Designed for a first course in introductory econometrics, Introduction to Econometrics, reflects modern theory and practice, with interesting applications that motivate and match up with the theory to ensure students grasp the relevance of econometrics. Authors James H. Stock and Mark W. Watson integrate real-world questions and data into the development of the theory, with serious treatment of the substantive findings of the resulting empirical analysis.
It's not good. If you already understand what's going on, it seems like a decent textbook, but Stock & Watson often lack clarity in their explanations. This book is 1) nearly impossible to skim because of the writing style 2) very bad in terms of making connections to other theories and applications and ideas 3) devoid of metaphor and 4) bad at concisely explaining equations. A good mathematical textbook gives you an important equation and then explains it for the next paragraph, telling you what all the variables mean, what happens if some of them change, what this means, etc. S&W often don't even tell you what variables mean, and you might have to go three pages back in the book to figure out that the variable p is supposed to stand for "the number of lags." And the amount of times they say something like "and we can prove this because it's just like equation (8.7)," and then don't even mention what equation 8.7 is infuriating. They expect you to go back 200 pages to equation 8.7 (which, by the way, has no concise explanation, so you're going to need to read the five pages around equation 8.7 to figure out what it means). It's like reading a research paper that leaves page numbers without quotations--it treats me like I'm too stupid to do the thinking myself.
Although I've nothing to compare it against, the book lacks usability. Too much of the rendering of equations is written in block text rather than using any diagrams. There are other points where equations are re-render/substituted/expanded/simplified without explanation. One is left to figure out these leaps on his own. That's not instruction or elucidation. Typical academic fair whereby the author is too far removed from his audience (an introductory one) so that much is lost.
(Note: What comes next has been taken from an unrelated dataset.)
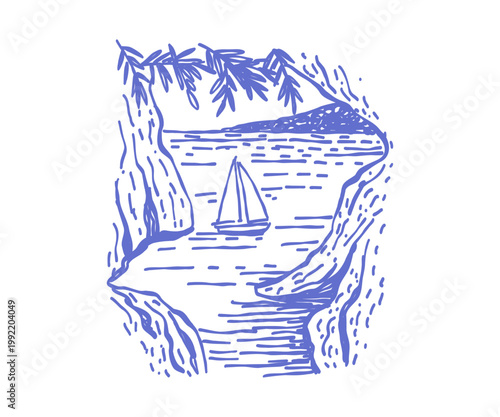 Mediterranean Amalfi landscape with view of mountains, sea, boat and olive branches. Whimsical doodle illustration.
This is a decent undergraduate econometrics textbook, but I think that "Introductory Econometrics: A Modern Approach" by Jeffrey Wooldridge is a much better choice for learning econometrics. For this book, the Introduction to Econometrics website provides some useful links and resources.
This book is appropriate as a gentle introduction to econometrics (the application of statistical methods to economic theory). The book is well-written and the authors focus on insuring that the book does not fly over the heads of beginners.
Stock's Introduction to Econometrics is probably the best undergrad text I've found on regression, explaining even some fairly advanced topics in an accessible way. I've used it extensively to try to understand some of the hairier concepts I've been dealing with in my first-year grad sequence.
People who have a knack for statistics tend to not have one for explaining statistics, but this book is one of the most accessible textbooks out there. Thorough but readable.